Yup. I've removed a few flywheel nuts with my impact gun, it's super-easy. 

If you don't have a compressor, there are also electric impact guns. I bought my Harbor Freight electric one before I got a compressor, I've been very happy with it. My pneumatic one is smaller and lighter, but the electric one is very convenient. 

Admittedly, the impact gun doesn't help for re-torquing the nut after, but I didn't have any trouble doing that with a torque wrench.


----------



## 94EG8 (Feb 13, 2014)

RedOctobyr said:


> Admittedly, the impact gun doesn't help for re-torquing the nut after, but I didn't have any trouble doing that with a torque wrench.


No one torques them in the real world. Just put them back on with an impact.


----------



## Kiss4aFrog (Nov 3, 2013)

B&S Valve spring compressor #19063

https://www.rcpw.com/briggs-stratto...TtdCVf7rE1p_zUE6hkcH704m3M7lk8-o8sxoCTurw_wcB


----------



## classiccat (Mar 1, 2014)

94EG8 said:


> No one torques them in the real world.

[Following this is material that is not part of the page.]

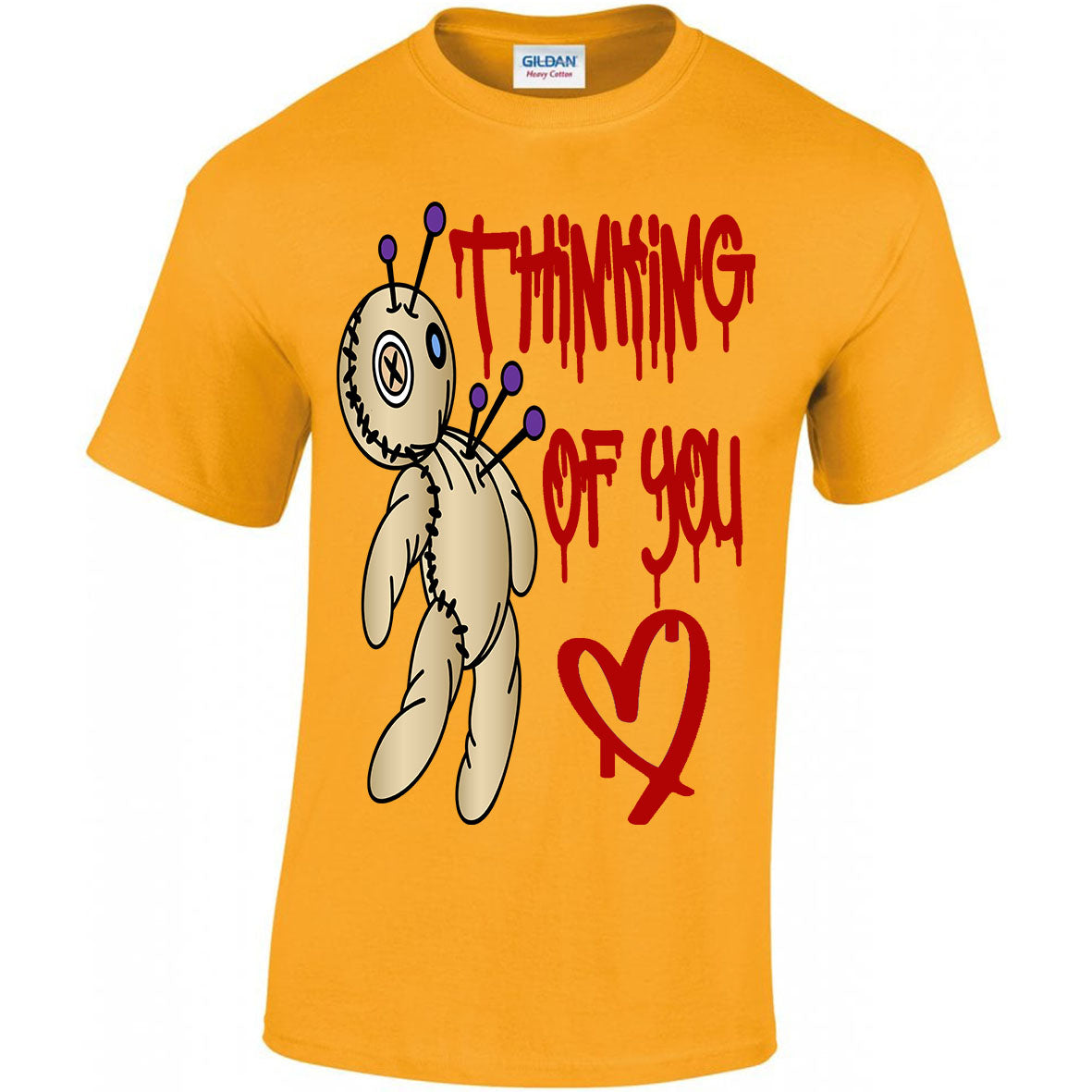 Thinking Of You Voodoo Doll T-shirt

Just put them back on with an impact.


One word of caution using an impact: crankshafts will break if over tightened.

I personally use a torque wrench with a strap-wrench around the flywheel.


----------



## Ken692 (Feb 15, 2013)

94EG8 said:


> Ken692 said:
> 
> 
> > Just scored a nice spring compressor
> ...


19063
Not sure impact to take the bolts of but the spring is a bit hard to put back on, not sure how an numatic would help


----------



## Ken692 (Feb 15, 2013)

Kiss4aFrog said:


> B&S Valve spring compressor #19063
> 
> https://www.rcpw.com/briggs-stratto...TtdCVf7rE1p_zUE6hkcH704m3M7lk8-o8sxoCTurw_wcB


Wow $26 I paid $30 wtf you guys are unbelievable, correct parts at the best prices, ok that flywheel holder is $32
And there are three or four Different ones I have the Tecumseh 4 and 5 hp


----------



## 94EG8 (Feb 13, 2014)

classiccat said:


> One word of caution using an impact: crankshafts will break if over tightened.


Common sense goes a long way. I've never broken a crank yet doing them this way, and I've done a lot of them. 



Ken692 said:


> 19063
> Not sure impact to take the bolts of but the spring is a bit hard to put back on, not sure how an numatic would help


An impact gun wont help you a bit doing valve springs, we're talking about removing flywheels.


----------



## classiccat (Mar 1, 2014)

94EG8 said:


> Common sense goes a long way. I've never broken a crank yet doing them this way, and I've done a lot of them..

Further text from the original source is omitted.